If you change modes, the end points will jump, so you once you choose a mode you should stick with it.

So... which mode should you use? I would strongly recommend using the default option ('^'). Subsequently, if you to need to correct a drifting control surface (see below), then it's quicker to adjust PPM Centre which offsets the whole servo response. The adjustment to PPM Centre should also be done in Calibration mode.

Correct drifting control surfaces

All models will suffer from bent linkages or drifting servos during their lifetime. On other systems, these slight errors can often go unnoticed or be confused with trim settings.

With OpenTx and a properly CAL'd setup, you can easily check for problems - go into CAL mode and see if the calibrated neutrals have changed.
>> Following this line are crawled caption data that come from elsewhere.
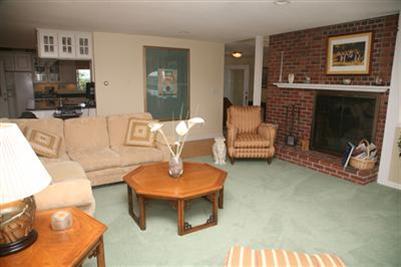 429 Lakeside Drive West Centerville, MA 02632 - Photo 9 of 21 a living room with furniture a flat screen tv and a fireplace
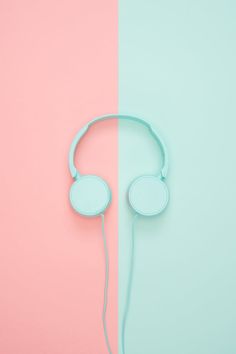 a pair of headphones sitting next to each other on a pink and blue background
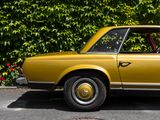 a yellow car parked on the side of the road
If the drift is small, it's not necessary to do a full recalibration - simply adjust PPM Centre for the affected outputs (do this while still in CAL mode). This will offset the whole servo response. Once you exit CAL mode, any trim offsets will be restored.

By doing a quick CAL check before every flying session, you can ensure that your trim offsets are consistent, regardless of mechanical or temperature issues.

Avoid Autotrim

OpenTx allows you to re-centre your trims, by moving the offsets to SUBTRIM. Obviously, using this feature will trash your calibration. Avoid!

Use GVARs and cascading mixers

With a calibrated setup, the weights for left- and right-side mixers will be identical. You can take advantage of this by using GVARs and cascading mixers in your design. Both methods offer the possiblity of a single menu point for your mixer adjustments, instead of having to adjust left- and right- sides individually. This is a great time saver, and will also simplify your design.

Extended LIMITS

[To be expanded.]

Calibration the easy way

All the canned setups published on this site have CAL mode already built-in, protected against accidental operation.